Evo Morales’ party has claimed victory in Bolivia’s presidential election. Exit polls give the Movement towards Socialism (MAS) party over 50% of the vote.
To win in the first round, a candidate needs more than 50% of the vote, or 40% with a lead of at least 10 percentage points over the second-placed candidate.
The election was marked by tension after Morales was deposed in a US-backed coup in November 2019. Electoral monitors reported threats and harassment from Bolivian security forces.
With a private quick count of sampled polling stations favouring MAS candidate Luis Arce by a wide margin, even unelected interim president Jeanine Áñez recognised that the socialist movement looked set to return to power.
“I congratulate the winners and I ask them to govern thinking in Bolivia and in our democracy,” Áñez said on Twitter.
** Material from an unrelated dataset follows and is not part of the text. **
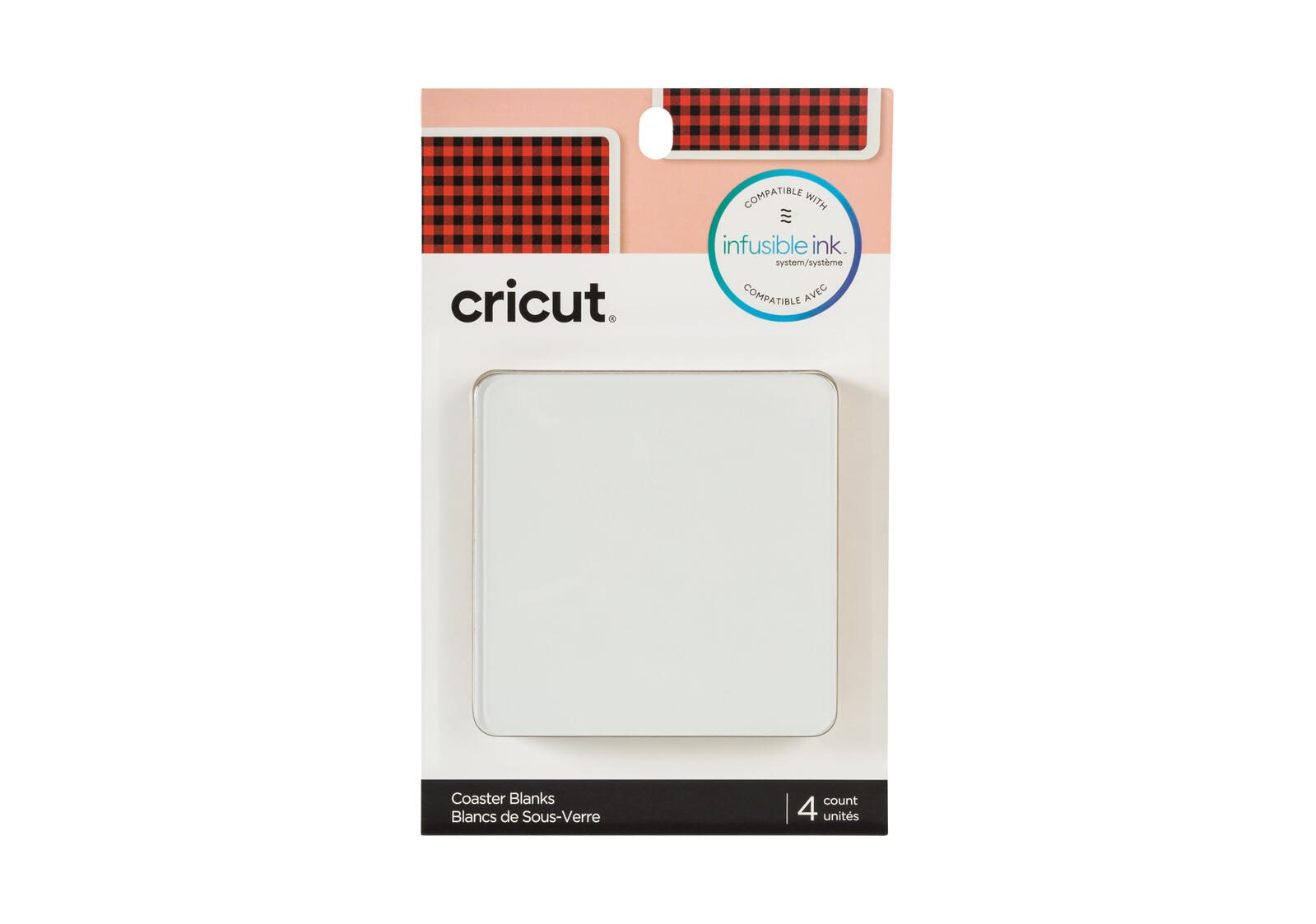 Cricut Untersetzer-Rohling, quadratisch 2006581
“We’ve recovered our democracy,” Morales said in brief remarks from exile in Argentina. “Lucho [Arce] will be our president.”
“I think the Bolivian people want to retake the path we were on,” Arce declared around midnight, surrounded by a small group of supporters.
As Morales’ economy minister, Arce oversaw a surge in growth and reduction in poverty for more than a decade. But he would face an uphill battle to jumpstart growth this time. Though unelected, the Áñez regime accepted a $327mn loan from the IMF, to which austerity conditions will certainly be attached.
Nonetheless, it would seem that Bolivia’s democracy has, for now, been restored.